-- Required action --
Return every line below as is, leaving out the pictures.

-- Given material --

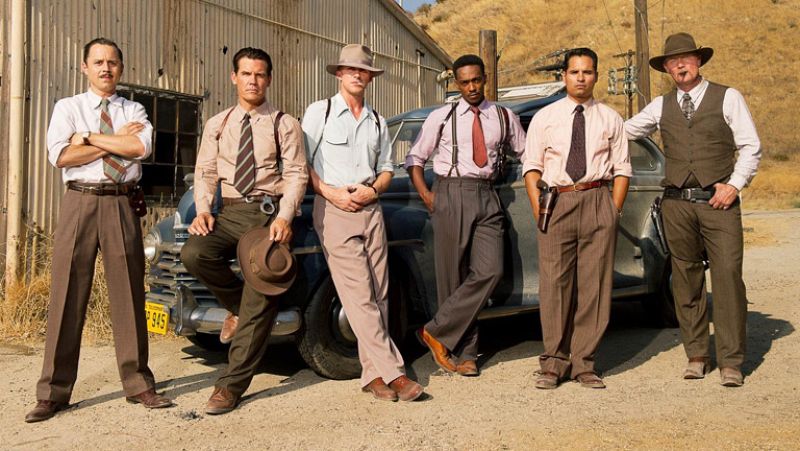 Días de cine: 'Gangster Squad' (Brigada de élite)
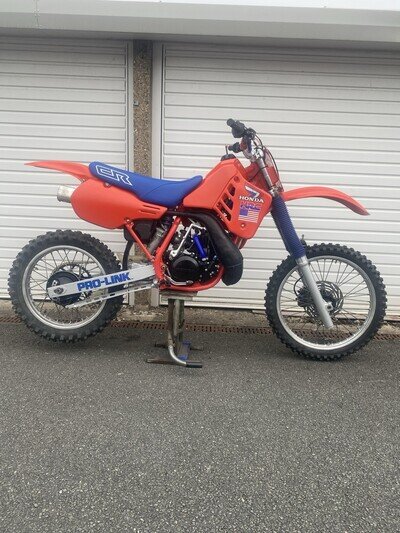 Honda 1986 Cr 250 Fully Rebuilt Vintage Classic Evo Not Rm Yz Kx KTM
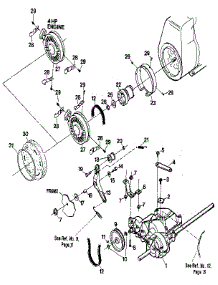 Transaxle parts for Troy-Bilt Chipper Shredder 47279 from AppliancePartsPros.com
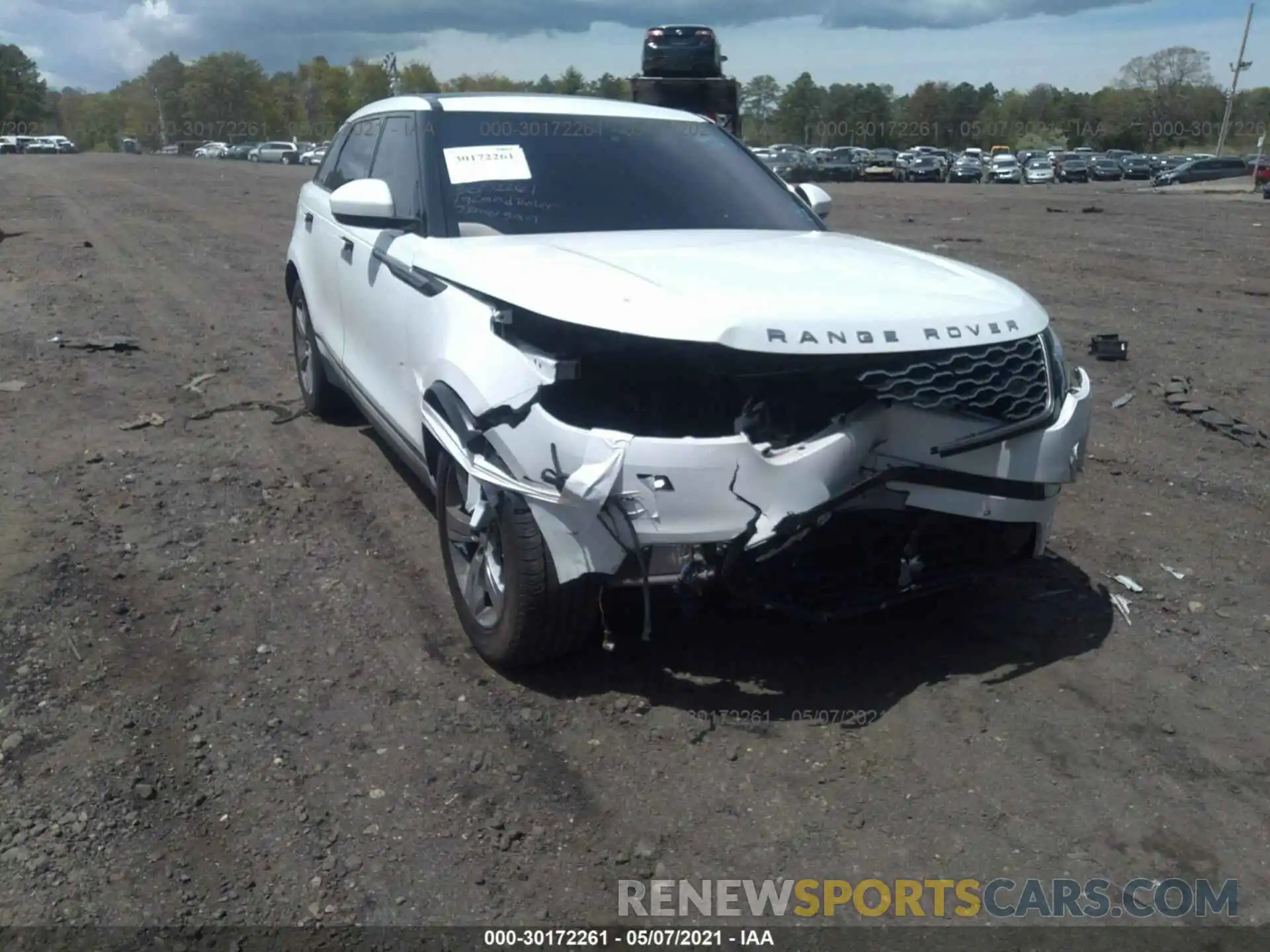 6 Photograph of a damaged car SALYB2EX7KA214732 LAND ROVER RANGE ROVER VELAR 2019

-- Problem solution --
 Días de cine: 'Gangster Squad' (Brigada de élite)
 Honda 1986 Cr 250 Fully Rebuilt Vintage Classic Evo Not Rm Yz Kx KTM
 Transaxle parts for Troy-Bilt Chipper Shredder 47279 from AppliancePartsPros.com
 6 Photograph of a damaged car SALYB2EX7KA214732 LAND ROVER RANGE ROVER VELAR 2019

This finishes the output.